WORK ORDER:
Once you reach the line with "Porsche 911 992" below, copy each line exactly, stopping after the line with "Scenic Riverside Resort", and skip any pictures.

PROVIDED MATERIAL:
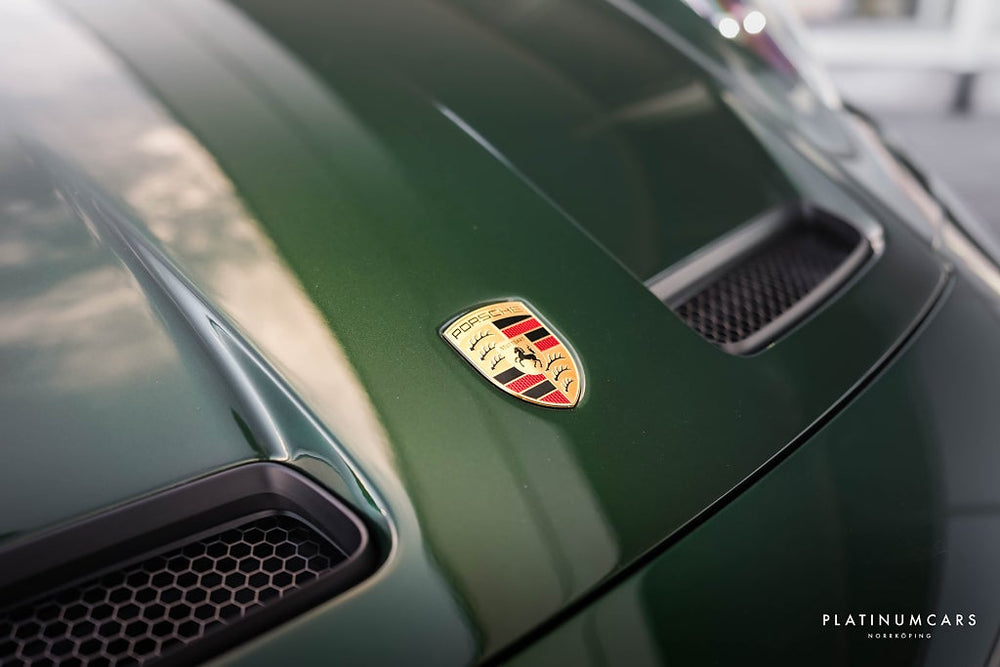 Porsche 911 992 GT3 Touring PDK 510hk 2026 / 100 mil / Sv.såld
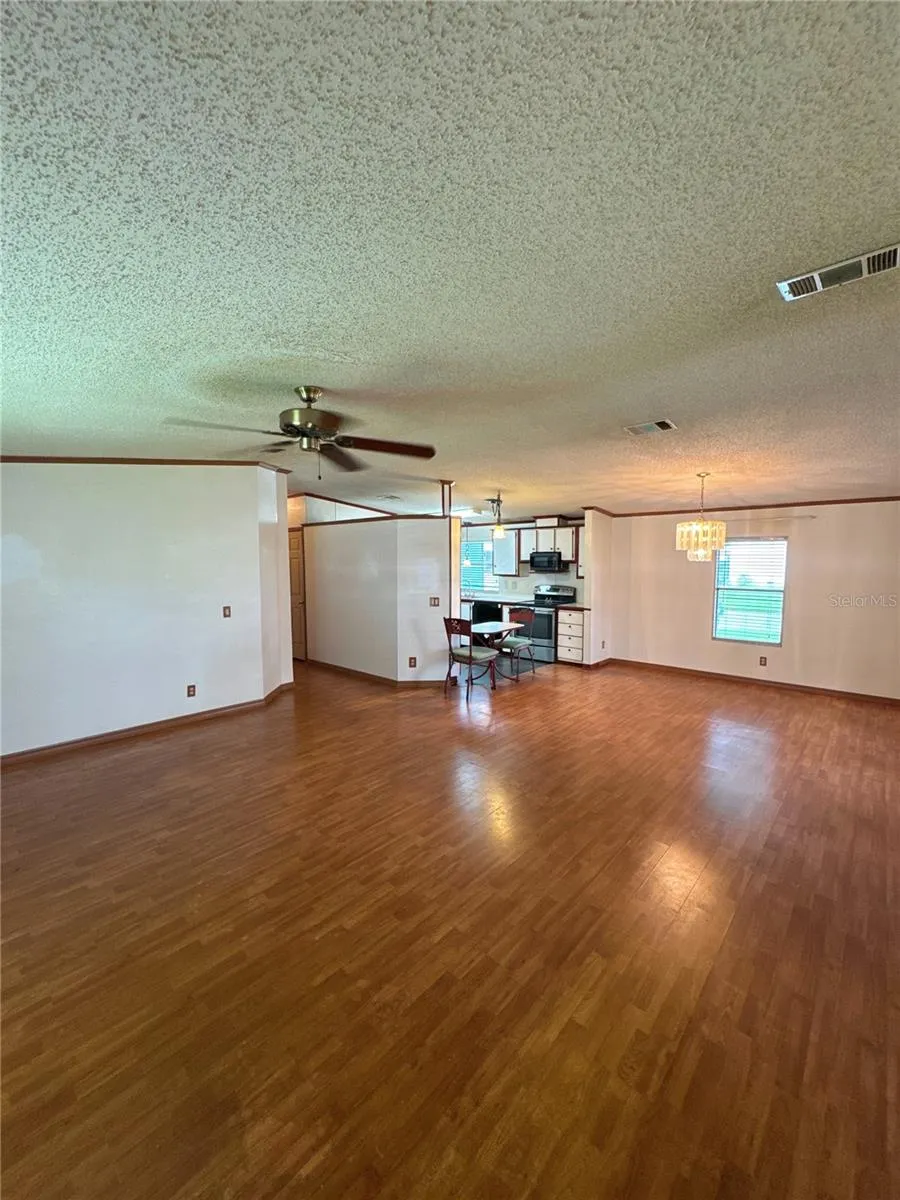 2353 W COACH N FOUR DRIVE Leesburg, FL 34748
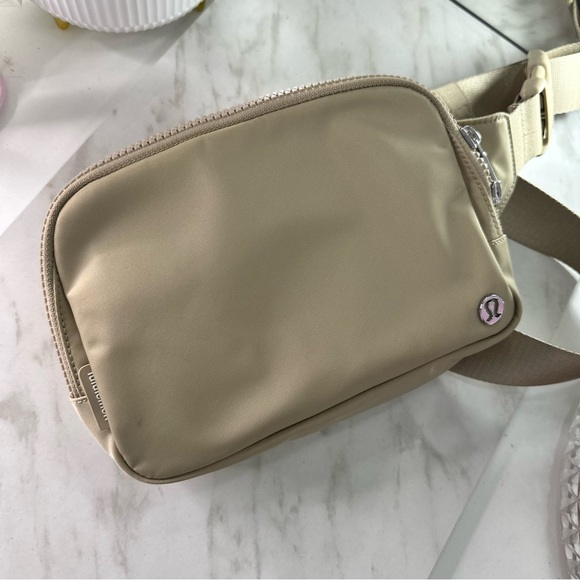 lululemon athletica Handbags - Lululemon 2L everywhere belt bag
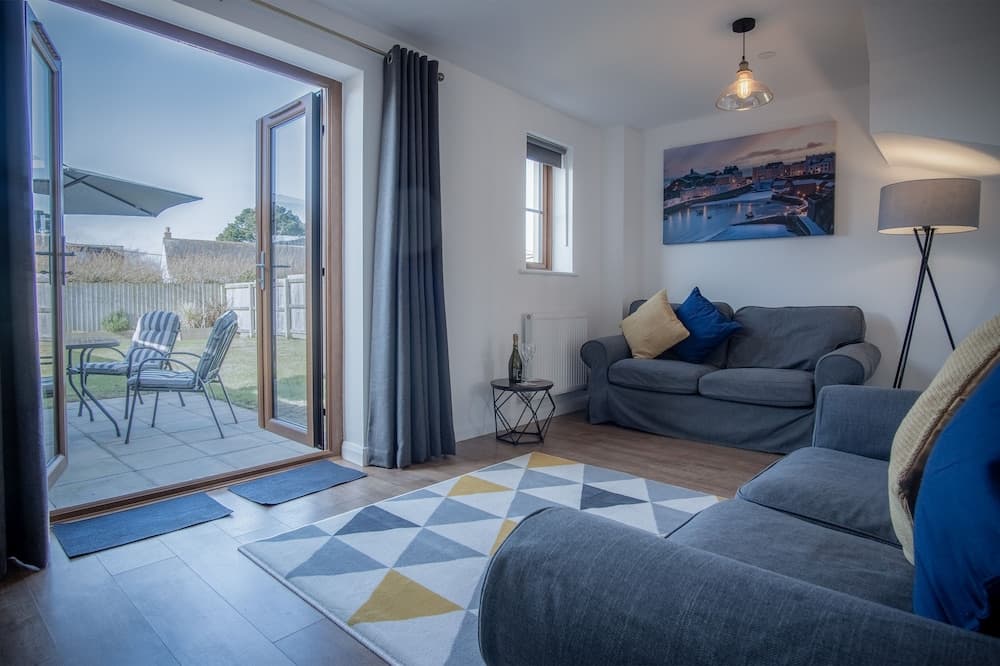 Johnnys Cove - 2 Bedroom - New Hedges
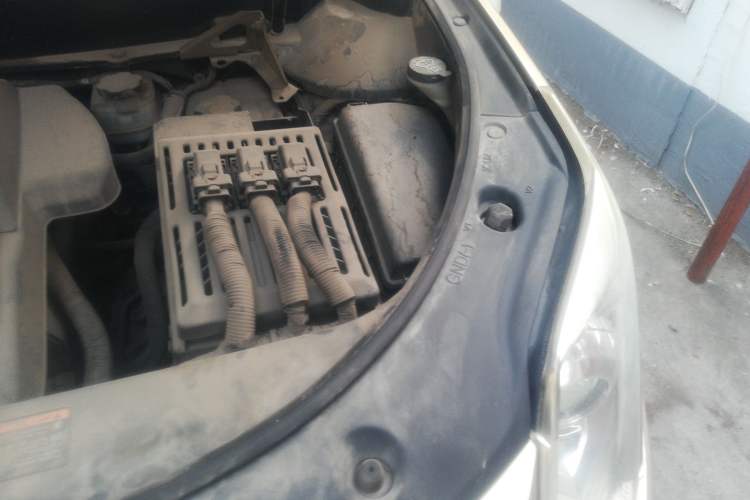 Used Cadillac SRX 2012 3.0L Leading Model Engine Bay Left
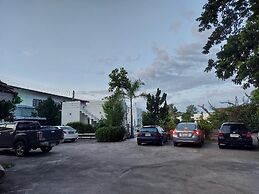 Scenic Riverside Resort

--

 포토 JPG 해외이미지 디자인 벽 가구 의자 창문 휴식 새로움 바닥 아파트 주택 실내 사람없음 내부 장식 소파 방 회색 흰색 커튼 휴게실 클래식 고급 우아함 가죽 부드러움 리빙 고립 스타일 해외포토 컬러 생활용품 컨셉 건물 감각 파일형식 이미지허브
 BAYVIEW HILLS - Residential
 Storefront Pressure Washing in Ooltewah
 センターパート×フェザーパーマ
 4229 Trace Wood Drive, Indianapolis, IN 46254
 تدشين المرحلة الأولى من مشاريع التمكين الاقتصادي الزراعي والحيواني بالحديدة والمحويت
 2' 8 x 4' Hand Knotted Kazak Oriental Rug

FINISHED TASK:
 Porsche 911 992 GT3 Touring PDK 510hk 2026 / 100 mil / Sv.såld
 2353 W COACH N FOUR DRIVE Leesburg, FL 34748
 lululemon athletica Handbags - Lululemon 2L everywhere belt bag
 Johnnys Cove - 2 Bedroom - New Hedges
 Used Cadillac SRX 2012 3.0L Leading Model Engine Bay Left
 Scenic Riverside Resort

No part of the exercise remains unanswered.